Signal: any `/multi-*` command in the `garrytan/gstack` repo
or a Garry Tan post showing it.
- **Holaboss → A2A** — Holaboss shipping workspace-to-workspace
messaging would put them in the "AI company" shape we occupy
today. Signal: a `workspace.yaml` `connections:` field or a
`holaboss a2a` subcommand.
- **Atropos RL trajectory format** — if Nous standardises the
schema for RL training-data export, our activity logs should
adopt it so users can export Molecule AI runs for training.
---
## Explicit non-adoptions
Decisions to NOT copy, with reasons, so we don't revisit them:
- **Holaboss single-active-agent-per-workspace shape** — incompatible
with our core thesis. Keep the concept of workspace-as-container
but don't collapse to a single agent.
- **Hermes six-backend abstraction** (Docker / SSH / Daytona /
Singularity / Modal) — our Docker provisioner is the right
ceiling for v1. Serverless hibernation (Top-5 #2) buys us 80%
of the cost win without the plumbing.
- **gstack's Claude-Code-native-only execution model** — gstack is
a prompt library living inside one Claude Code session. Adopting
that shape would eliminate our multi-agent / multi-runtime
differentiation. We borrow specific role prompts, not the
architecture.
- **`workspace.yaml` banning inline prompts at the schema level**
— Holaboss rejects inline prompt bodies at parse time. We ship a
UIUX *warning* instead (UIUX proposal 3) so existing templates
keep working. The principle is right; the enforcement mechanism
is too blunt for a platform that already has shipped templates
out in the wild.
- **Compaction-boundary artifact** — solves long-horizon single-agent
cost. We are multi-agent with per-workspace checkpointing already;
this would be complexity for no direct gain.
---
## Process observations (meta)
Notes on how this coordination went that inform future runs:
1. **`#66` (opaque stderr) and `#71` (initial_prompt replay crash)

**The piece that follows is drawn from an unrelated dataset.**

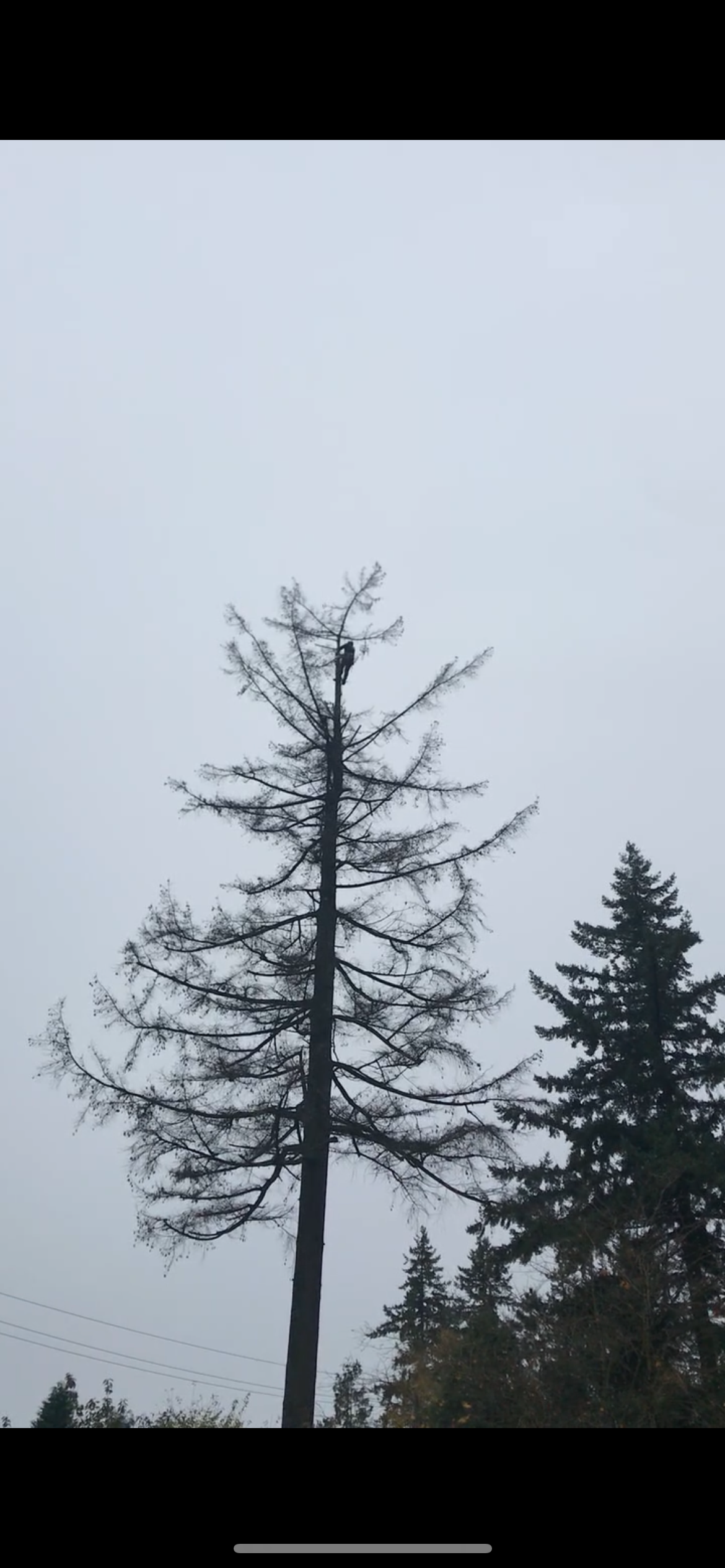 Tree-Removal-QueensPark.png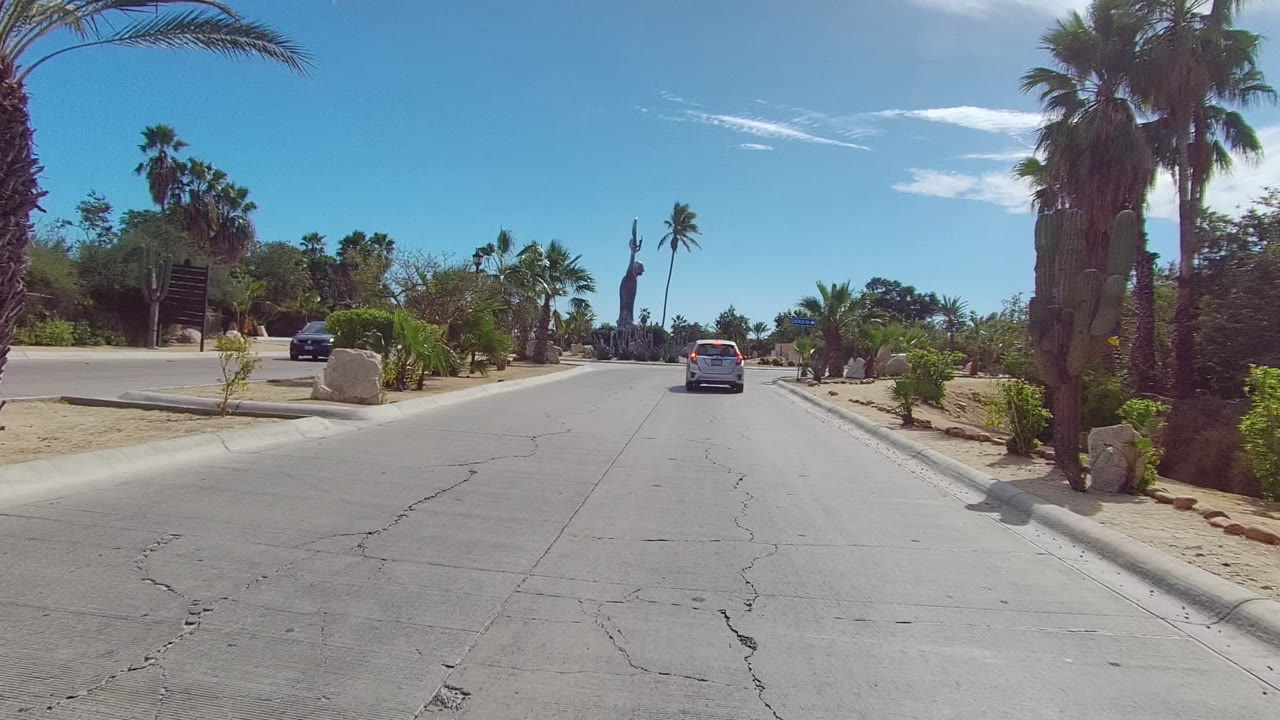Car approaches an intersection bordered by palms and desert landscaping.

are blocking team coordination.** Every fresh org import today
started with ProcessError cascades. Until these land, any
multi-agent research task requires host-side intervention
(touching `.initial_prompt_done`, restarting crashed workspaces).
2. **`#65` (per-agent repo-access YAML) would eliminate the
inline-documents workaround** that every Hard-Learned Rule we
just added to the prompts tells the team to do. This is the
single highest-leverage platform improvement on the list.
3. **Capturing raw analyst outputs from the activity log is a valid
fallback** when PM crashes mid-synthesis. All 9 outputs in this
doc were retrieved from `GET /workspaces/:id/activity` after the
PM/RL/DL round-trip failed. Worth surfacing in platform docs
as the "recovery" path.
4. **The hardened system prompts (PR #69) are already paying off**:
Research Lead and Dev Lead both immediately fanned out in
parallel with delegation IDs, rather than attempting solo
synthesis. The "always fan out" rule is doing work.
---
## Next actions
Recommend proceeding in this order, each as its own PR:
1. **Ship #71 fix** (initial_prompt marker up-front) — unblocks all
future fresh org imports.
2. **Ship #66 fix** (stderr capture) — restores debuggability.
3. **Top-5 #1** (memory FTS + namespace) — highest-convergence
team ask, cleanest migration.
4. **Top-5 #5** (fail-secure encryption) — security-critical, trivial.
5. **CEO `/retro` skill** — near-zero effort, compounding weekly.
Everything else in this doc flows from there.